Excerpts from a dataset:
------------------------------
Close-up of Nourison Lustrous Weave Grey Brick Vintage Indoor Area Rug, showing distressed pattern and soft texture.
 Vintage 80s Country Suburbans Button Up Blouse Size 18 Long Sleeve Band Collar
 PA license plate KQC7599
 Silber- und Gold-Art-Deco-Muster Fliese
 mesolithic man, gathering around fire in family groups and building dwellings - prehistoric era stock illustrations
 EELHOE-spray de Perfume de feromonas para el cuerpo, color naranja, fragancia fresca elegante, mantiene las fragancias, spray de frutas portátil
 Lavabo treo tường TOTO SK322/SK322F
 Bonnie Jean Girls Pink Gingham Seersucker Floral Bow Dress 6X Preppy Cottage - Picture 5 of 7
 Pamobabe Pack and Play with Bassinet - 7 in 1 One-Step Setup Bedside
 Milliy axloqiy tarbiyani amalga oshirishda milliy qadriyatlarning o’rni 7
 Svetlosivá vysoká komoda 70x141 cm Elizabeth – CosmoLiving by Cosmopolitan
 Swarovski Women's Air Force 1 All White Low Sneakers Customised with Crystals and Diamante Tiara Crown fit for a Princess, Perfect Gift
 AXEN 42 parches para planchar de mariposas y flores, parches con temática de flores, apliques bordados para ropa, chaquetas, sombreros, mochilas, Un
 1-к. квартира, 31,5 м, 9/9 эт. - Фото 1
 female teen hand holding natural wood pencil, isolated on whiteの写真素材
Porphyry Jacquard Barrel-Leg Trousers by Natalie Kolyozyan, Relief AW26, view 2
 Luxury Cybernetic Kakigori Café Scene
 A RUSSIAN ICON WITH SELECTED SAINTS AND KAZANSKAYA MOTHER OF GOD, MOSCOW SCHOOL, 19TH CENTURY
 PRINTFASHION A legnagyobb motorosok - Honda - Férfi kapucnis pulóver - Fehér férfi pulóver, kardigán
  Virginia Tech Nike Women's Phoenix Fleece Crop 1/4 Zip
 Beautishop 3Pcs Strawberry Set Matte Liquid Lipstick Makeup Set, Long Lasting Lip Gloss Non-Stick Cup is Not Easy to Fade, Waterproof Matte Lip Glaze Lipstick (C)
------------------------------
* REQUIRED WORK *
If a line in the entries contains the word "para", copy that line out.

* THE ANSWER *
 EELHOE-spray de Perfume de feromonas para el cuerpo, color naranja, fragancia fresca elegante, mantiene las fragancias, spray de frutas portátil
 AXEN 42 parches para planchar de mariposas y flores, parches con temática de flores, apliques bordados para ropa, chaquetas, sombreros, mochilas, Un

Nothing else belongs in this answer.